What this Budget will demonstrate is how wide-ranging or ‘systemic’ the social investment approach will be, the degree of budgetary commitment that will follow the approach, and any specific cohorts, issue areas or geographies that are prioritised for the next period. 

We know that the core commitment to social investment will include cross-Ministerial oversight and a Social Investment Agency with a significantly beefed-up mandate – as a commissioner for the ‘top of the triangle’ cohorts, managing a social investment fund, setting practice standards, and reviewing social sector spending to measure outcomes. 

We can also expect to see:

  • Increased funding for whānau-centred, community-led services that are known to be more effective in working with in crisis, at risk, and complex needs. We may see more funding to commissioning groups such as Whānau Ora, and to agencies’ commissioning funds.
  • Greater expectation that agencies will use data, evidence and harmonised definitions of investment priorities when seeking funding for new initiatives. We should see a shift in investment priority to those services that directly benefit at-risk cohorts.
  • Greater expectation that agencies will bring multi-agency and cross-sector business cases and investment propositions forward, demonstrating a population focus rather than a service focus. The key question will be how agencies can be more effective with the money being spent, to deliver citizen outcomes. 

But there’s more that could be on the table. If this Budget is much bolder in signalling a commitment to social investment, we might see a few more exciting things on offer.

  • Moving beyond the top of the triangle: Investment approaches that respond to at-risk populations, and our looming liabilities. We might see more investment in some of the long-term risks, such as health and educational outcomes, and funding tagged for ‘future issues’ such as climate adaptation and just transitions. 
  • Challenging the core: Investment approaches that only deal with new funding or incremental change are unlikely to get at the bulk of where social spend goes which is in the core. Shifts to the main vote appropriations would be more challenging but likely to shift the dial further. 
  • Enabling social investment more effectively: Investment into our data assets and the digital enablers may not sound like direct social investment, but harmonising definitions, putting data in the hands of local providers and commissioners, and measuring results all require the right tools and technology. 
  • Expanding Social Investment Agency capabilities: Alongside a social investment funder role, there is a need for both Treasury and the Social Investment Agency to meaningfully hold the system to account around social investment outcomes, measuring and monitoring results, and creating evidence and feedback loops. 

And finally, we can hope to see some changes down the road that will continue to embed a social investment approach to social services.

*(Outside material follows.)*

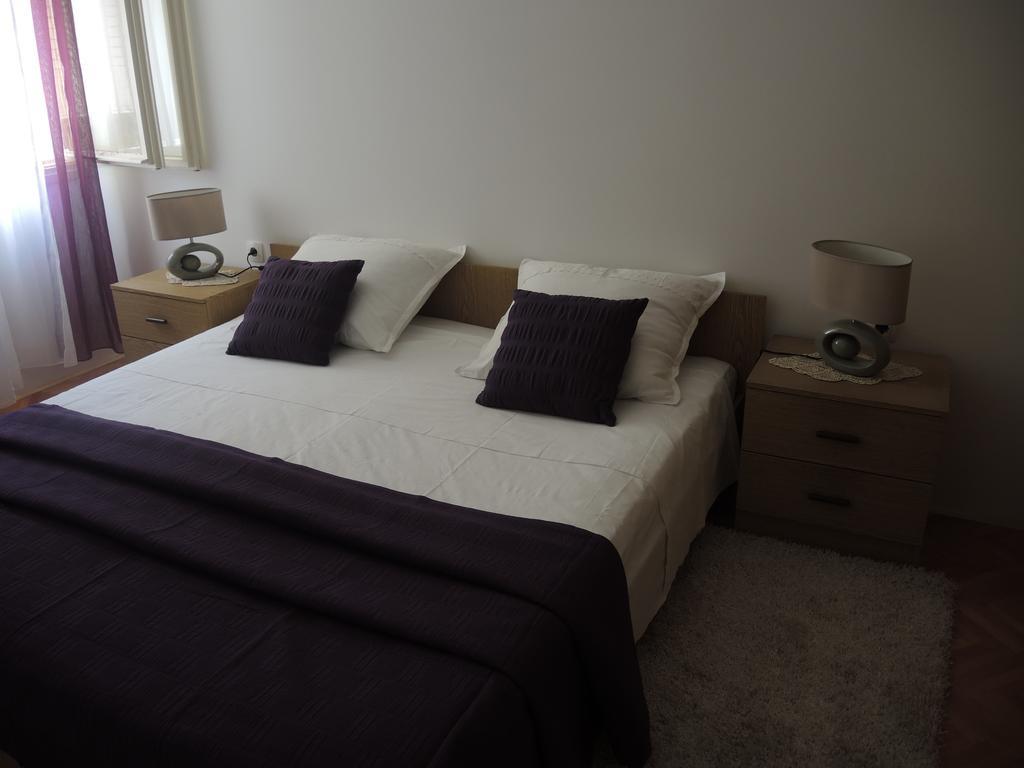 Apartment In Centre For 7 Split Room photo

  • Changes to how Treasury allocates and assesses investment cases: we might see a return to more structured social investment cases that use tools such as the CBAx to assess more holistic economic costs and benefits to populations.
  • We should look for indications of how the Government learns from feedback and incorporates it back into the system. Similar programmes overseas are increasingly making ‘shifting the status quo’ an outcome of investments. As we learn more, we should be applying these lessons broadly across our social services.
  • There should be clear signals on how we will catalyse investment beyond the public sector. This is critical for securing the necessary funds to support the future we envision.

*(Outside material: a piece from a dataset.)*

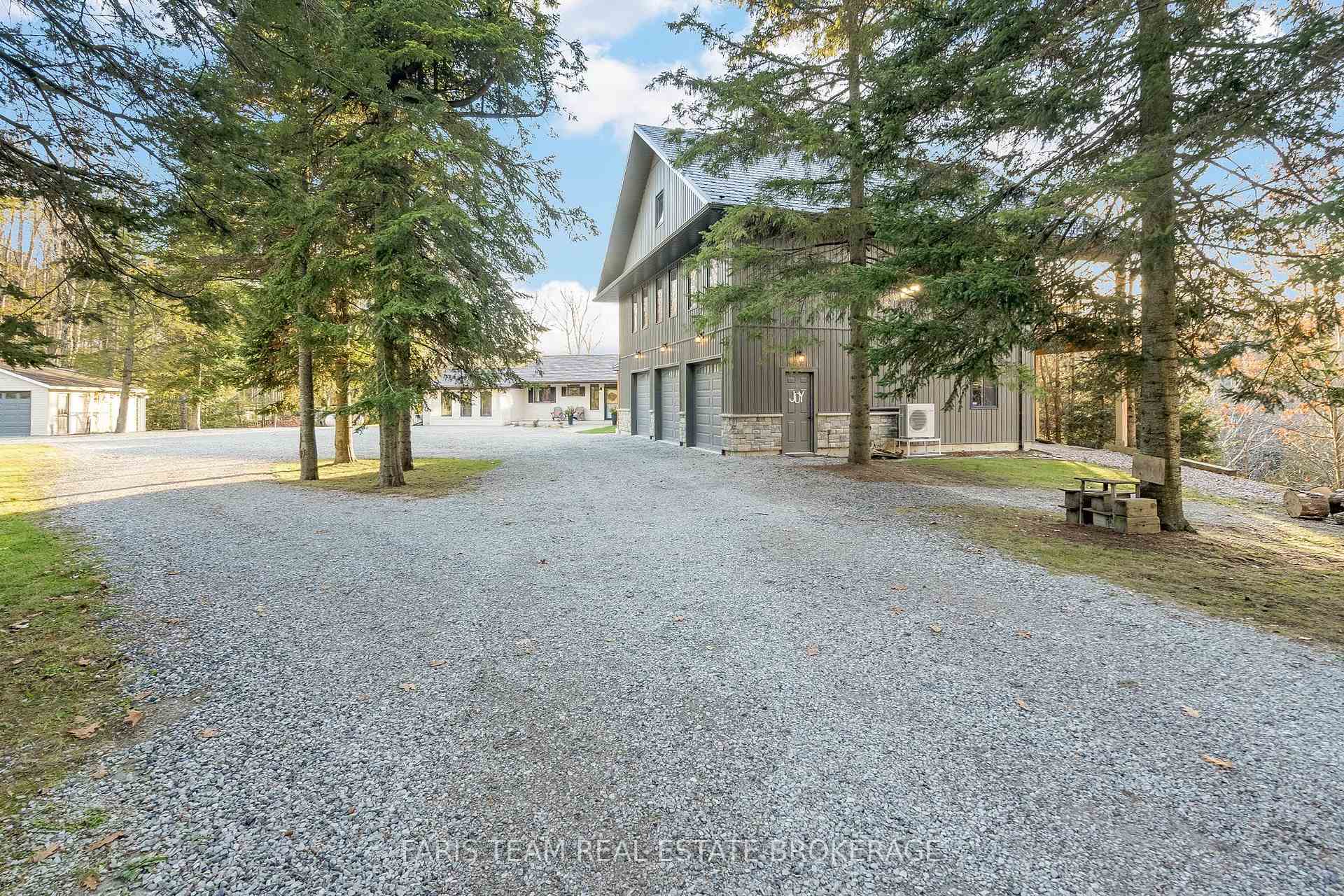 Photo 5 of 1520 Rosemount Road, Tay, Rural Tay — HOMEH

The concept has its criticisms – from “targeting” being stigmatising, to the fear it is a stalking horse for reduced funding for social services. The policy debates that have played out over the last six months – from school lunches to smoke-free legislation to military-style bootcamps for youth offenders – remind us that there are genuine choices to be made, and both ideological and evidence-based differences to be worked through. 

But for nearly a decade a more fundamental challenge has plagued social investment: clarity on what it actually is and – crucially – whether it will actually work. To answer both of those, this Budget will need a coherent story and a pathway to scaling and systematising.